In connection with the execution of the Credit Agreement, we paid certain arrangement fees of approximately $4.8 million to lenders and other fees of approximately $2.5 million, which were capitalized and will be amortized to interest expense over the remaining term of the facility.
Loans outstanding under the Credit Facility bear interest, at our option, at either (i) the LIBO rate (as defined in the Credit Agreement) plus a margin of between 2.25% and 2.75% (2.25% as of September 30, 2016) based on the total net leverage ratio (as defined in the Credit Agreement), or (ii) the alternate base rate (as defined in the Credit Agreement) plus a margin of between 1.25% and 1.75% (1.25% as of September 30, 2016) based on the total net leverage ratio.
We may make optional prepayments of the loans, in whole or in part, without premium or penalty (other than applicable breakage costs). Subject to certain exceptions and conditions described in the Credit Agreement, we will be obligated to prepay the Credit Facility, but without a corresponding commitment reduction, with the net cash proceeds of certain asset sales and with casualty insurance proceeds. The Credit Facility is guaranteed by our existing and future domestic material restricted subsidiaries (as defined in the Credit Agreement), which are substantially all of our wholly-owned U.S. subsidiaries other than the receivables securitization facility subsidiaries (the “Guarantors”).
The Credit Facility is secured by a first priority perfected security interest in substantially all of our assets and the assets of the Guarantors, whether consisting of personal, tangible or intangible property, including a pledge of, and a perfected security interest in, (i) all of the shares of capital stock of the Guarantors and (ii) 65% of the shares of capital stock of the Guarantor’s first-tier foreign subsidiaries which are material restricted subsidiaries, in each case subject to certain exceptions as set forth in the Credit Agreement. The collateral does not include, among other things, (a) any real property with an individual net book value below $10 million, (b) the capital stock and any assets of any unrestricted subsidiary, (c) any capital stock of any direct or indirect subsidiary of Dean Holding Company ("Legacy Dean"), a wholly owned subsidiary of the Company, which owns any real property, or (d) receivables sold pursuant to the receivables securitization facility.
 The Credit Agreement contains customary representations, warranties and covenants, including, but not limited to specified restrictions on indebtedness, liens, guarantee obligations, mergers, acquisitions, consolidations, liquidations and dissolutions, sales of assets, leases, payments of dividends and other restricted payments during a default or non-compliance with the financial covenants, investments, loans and advances, transactions with affiliates and sale and leaseback transactions. The Credit Agreement also contains customary events of default and related cure provisions. We are required to comply with (a) a maximum senior secured net leverage ratio of 2.50x (which, for purposes of calculating indebtedness, excludes borrowings under our receivables securitization facility); and (b) a minimum consolidated interest coverage ratio of 2.25x. In addition, the Credit Agreement imposes certain restrictions on our ability to pay dividends and make other restricted payments if our total net leverage ratio is in excess of 3.25x.
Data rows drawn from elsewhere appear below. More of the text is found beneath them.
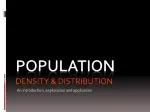 Population Density &amp; Distribution - slide 1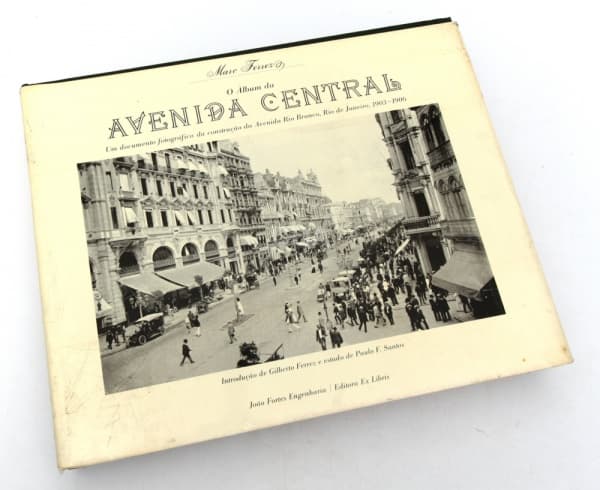 Livro: Álbum da Avenida Central, fotos de Marc Ferrez, por Paulo F. Santos e Gilberto Ferrez, 1982, — Não identificado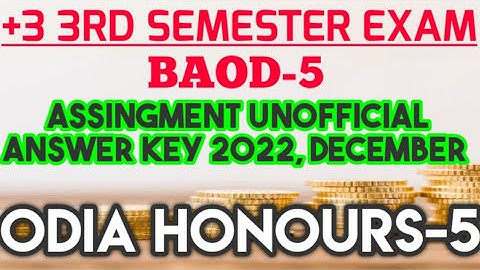2022 December BAOD-5 |  QUESTIONS & ANSWER KEY|+3 3RD SEMESTER EXAM OSOU | ODIA HONOURS-5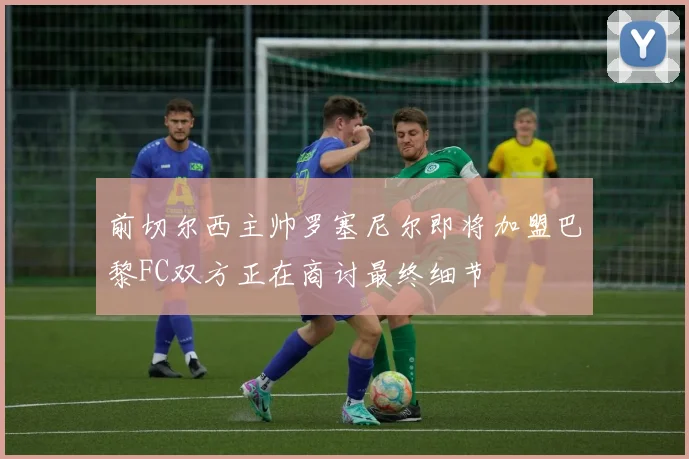前切尔西主帅罗塞尼尔即将加盟巴黎FC双方正在商讨最终细节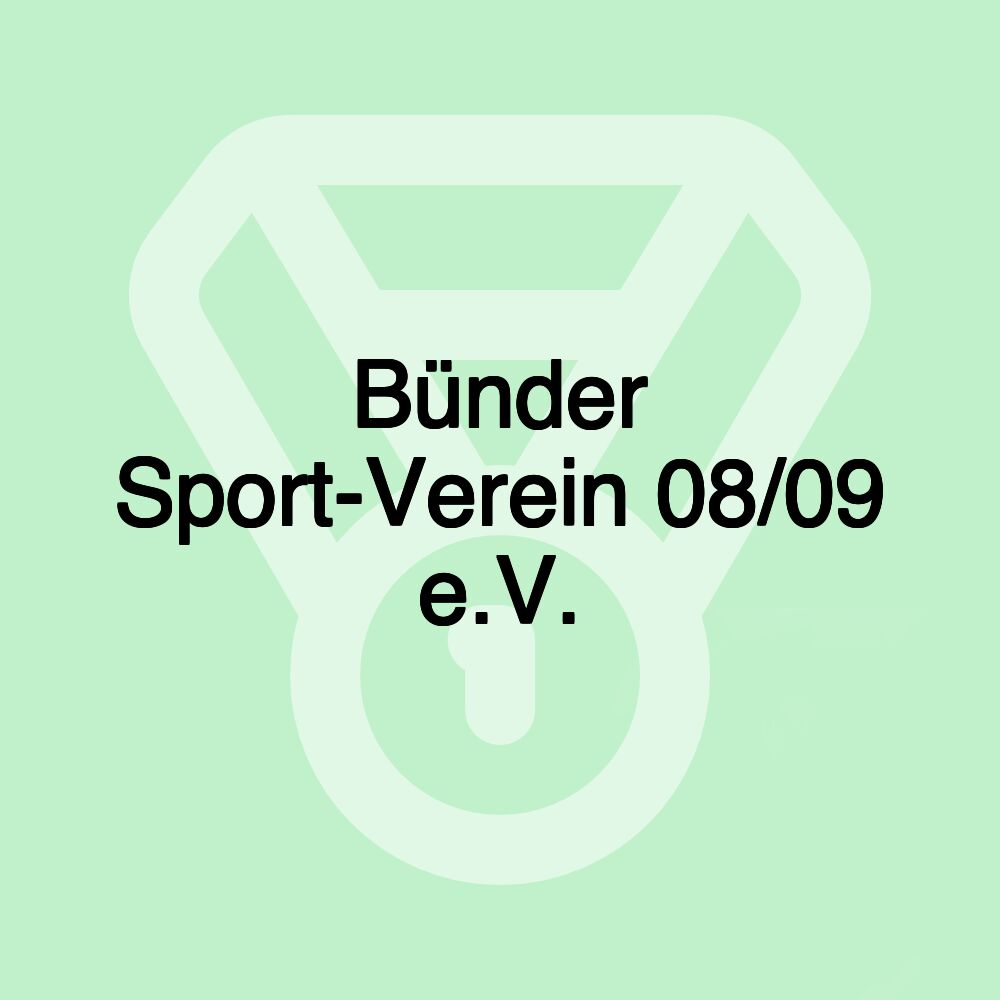 Bünder Sport-Verein 08/09 e.V. Bünder Sport-Verein 08/09 e.V.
At September 30, 2016, there were no outstanding borrowings under the Credit Facility. Our average daily balance under the Credit Facility during the nine months ended September 30, 2016 was $1.6 million. There were no letters of credit issued under the Credit Facility as of September 30, 2016.
Dean Foods Receivables Securitization Facility — We have a $550 million receivables securitization facility pursuant to which certain of our subsidiaries sell their accounts receivable to two wholly-owned entities intended to be bankruptcy-remote. The entities then transfer the receivables to third-party asset-backed commercial paper conduits sponsored by major financial institutions. The assets and liabilities of these two entities are fully reflected in our unaudited Condensed Consolidated Balance Sheets, and the securitization is treated as a borrowing for accounting purposes.
In March 2015, the receivables securitization facility was modified to, among other things, extend the liquidity termination date from June 2017 to March 2018 and modify the covenants to be consistent with those contained in the Credit Agreement described above.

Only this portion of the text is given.